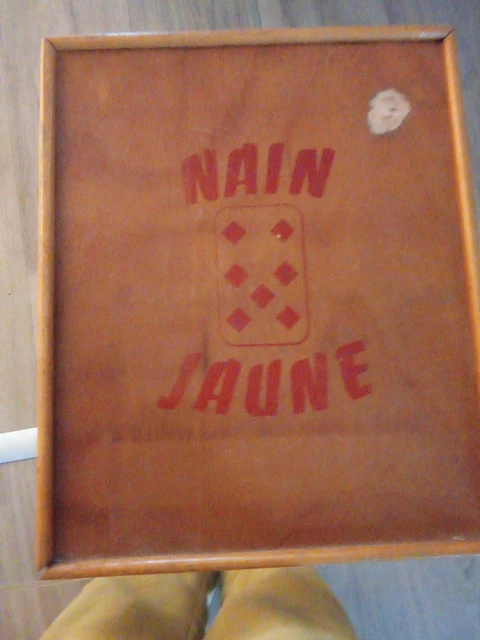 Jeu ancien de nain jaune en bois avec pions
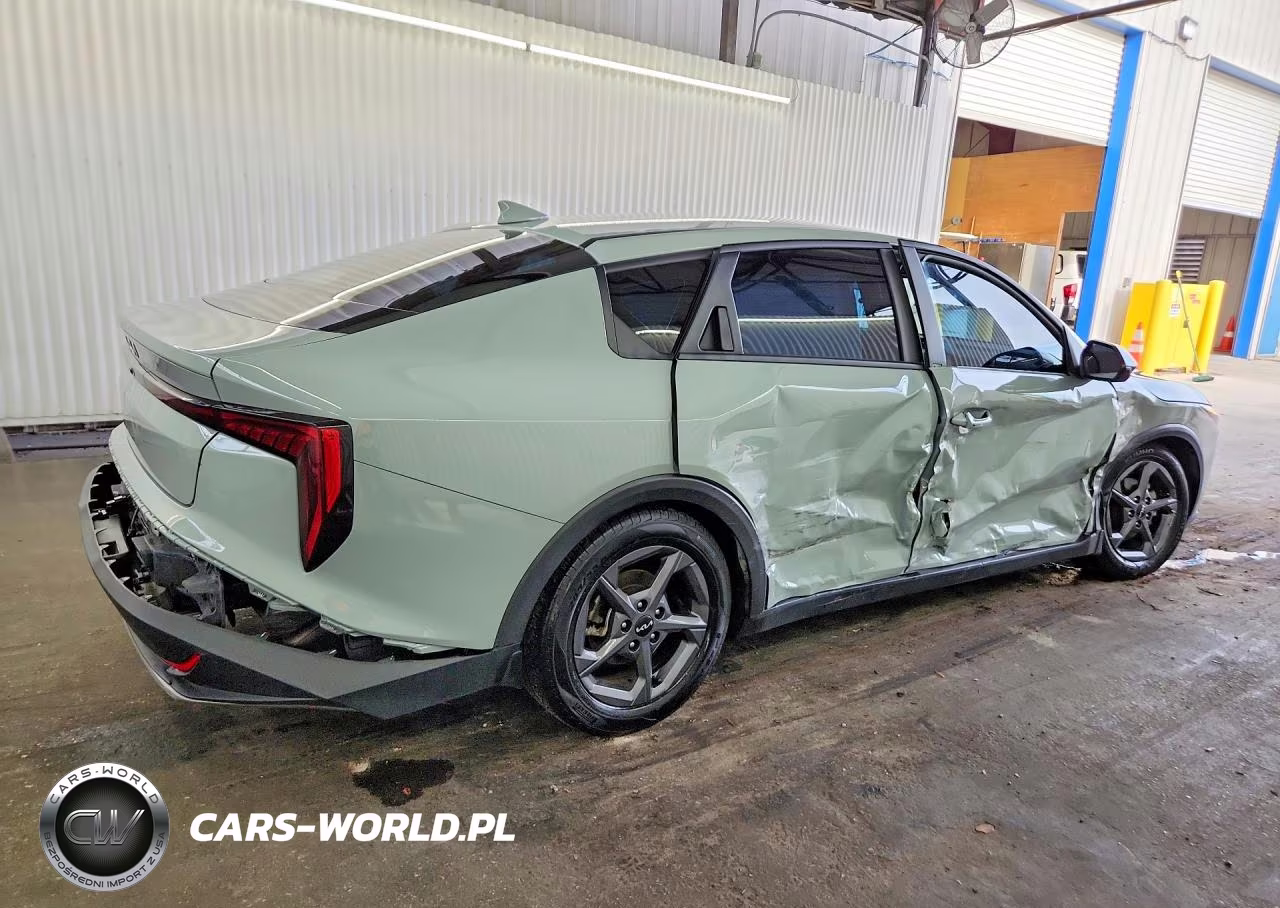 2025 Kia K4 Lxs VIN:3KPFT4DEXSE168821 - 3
--
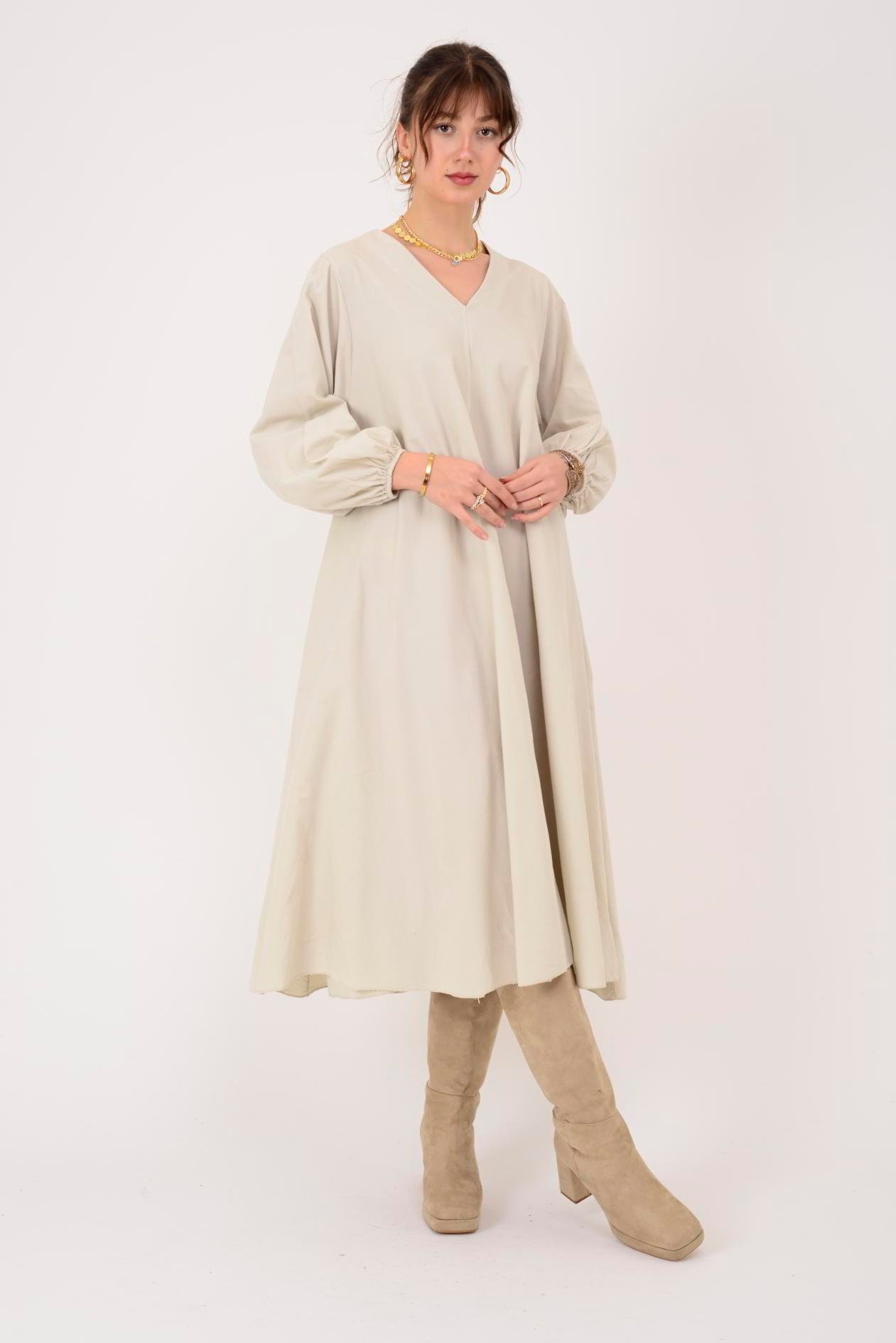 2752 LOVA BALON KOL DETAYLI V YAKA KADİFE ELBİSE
==
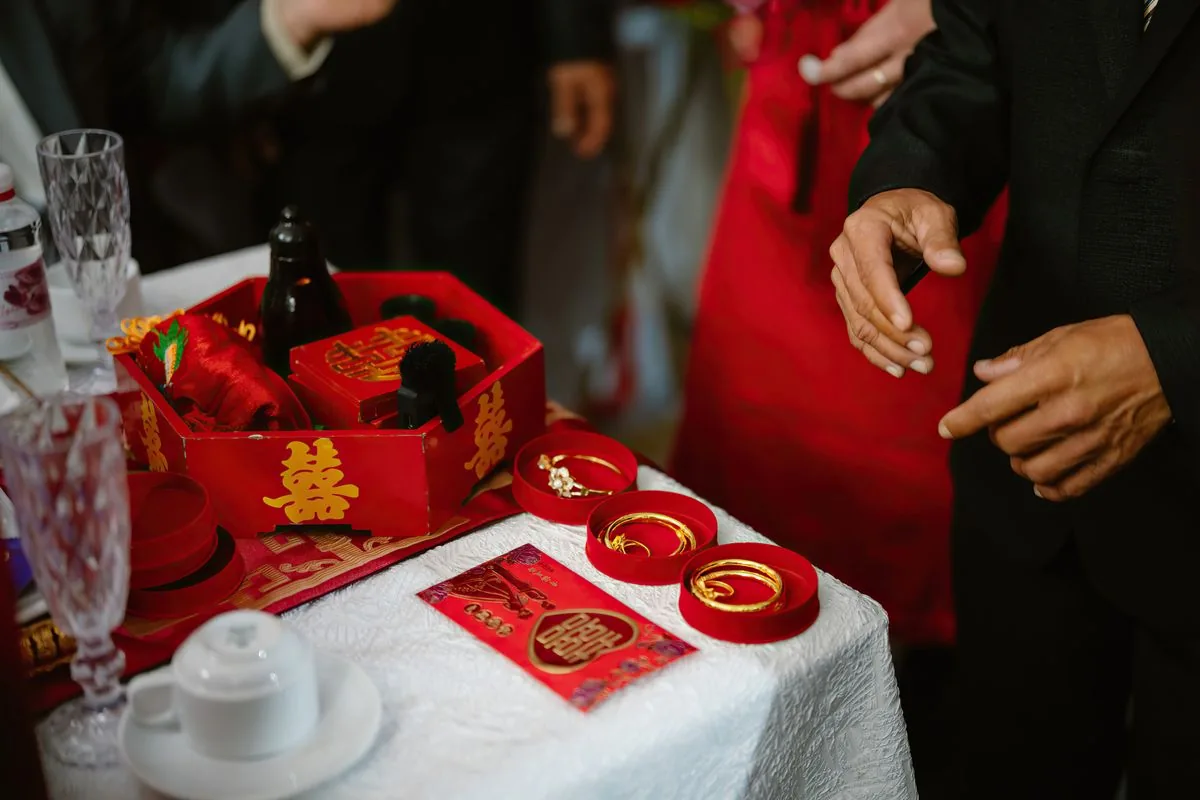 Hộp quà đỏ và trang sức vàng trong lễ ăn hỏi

▶ [WHAT IS NEEDED] Leave out the images and write out the lines above exactly, from the one with "Jeu ancien de nain jaune en bois avec pions" up to and including the one with "2025 Kia K4 Lxs VIN:3KPFT4DEXSE168821 - 3".

▶ [EXERCISE SOLUTION]
 Jeu ancien de nain jaune en bois avec pions
 2025 Kia K4 Lxs VIN:3KPFT4DEXSE168821 - 3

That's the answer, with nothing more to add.